On your way out of the fort do stop by the little fishing harbour as you head back towards Mirissa. If you turn right out of the fort you wont miss it. Spend some time chatting to the local fishermen selling tuna, shark, sardines and snapper from their temporary tables while others sort through the fishing nets for the next trip out to sea. They are happy to chat and pose for pictures even if you don’t buy any of their merchandise.
A little further along this road you will discover the local market which is worth a look on the east side of the fort where you will meet some characters and can pick up some local produce for your journey home.
We really enjoyed our day here but sadly it was really grey and drizzly so dampened our photography opportunities.
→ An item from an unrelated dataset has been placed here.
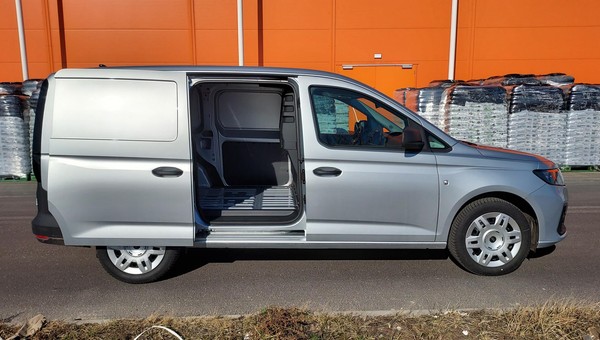Ford Transit Connect Hybrid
We are glad we didn’t stay here; even though the old fort is a charming place it is one of the most touristy places we have visited. As a result the local boutiques and cafes adjust their prices accordingly for the bus loads of tour groups wandering around the fort. There are places to stay inside the fort, but they are all at the top end of the price range, and well above our own flashpacking travel budget.
You can add Galle to your Sri Lanka Itinerary with a very easy day trip (or half day) from Mirissa or one of the other beach resorts along the coast. You could even visit Galle as a day trip from Colombo as the train only takes just over two hours and you really don’t need any longer than four hours to see the main sights here.